Overexpression of Dlx3 inhibits GR-induced human αGSU promoter in LβT2 cells. A, Sequence overlap of the JRE and the GRE2. Sequence is shown from −124 to −97 of the human αGSU gene. The rounded box indicates the sequence of CRE2, squared box indicates the JRE sequence, and the oval indicates the full GRE2 with both 6-bp half-sites and the 3-bp spacer. B, Either pCI empty vector or Dlx3 expression vector (100 ng) was overexpressed in LβT2 cells that had been transiently transfected with 1.8-kb αGSUluc and the GR expression vector. The cells were serum starved overnight and then treated for 24 h with 100 nm Dex. Data represent the mean ± sem of at least three experiments performed in triplicate and are presented as fold induction relative to the vehicle control.

Figure 8

GnRH and activin modulate Dex-induced human αGSU gene expression synergistically.
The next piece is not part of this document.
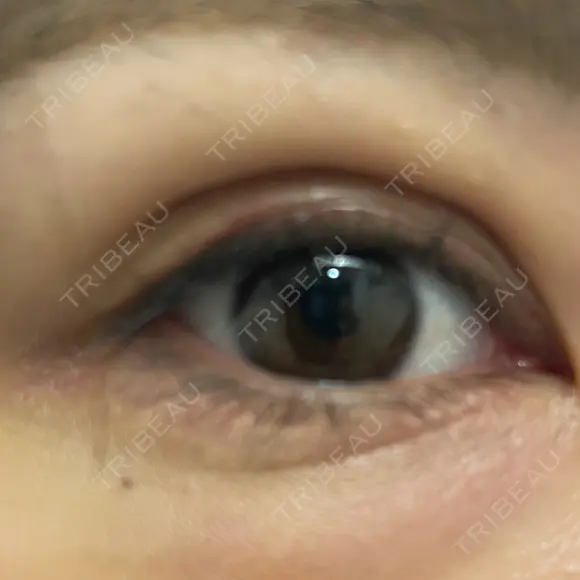 二重埋没 / 自然癒着法 Brandnew Beauty Clinic DAY 5 メイン用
The 1.8-kb αGSUluc reporter gene was transiently transfected into LβT2 cells with or without overexpression of GR (200 ng). Cells were serum starved overnight and then treated for 24 h with vehicle, 100 nm Dex, 10 nm GnRH, 10 ng/ml activin, 100 nm Dex with 10 nm GnRH, or 100 nm Dex with 10 ng/ml activin. Data represent the mean ± sem of at least three experiments performed in triplicate and are presented as fold induction relative to the control. Daggers (†) represent synergy between hormone treatments by two-way ANOVA, and asterisks (*) represent significant induction by hormone by one-way ANOVA, P < 0.05.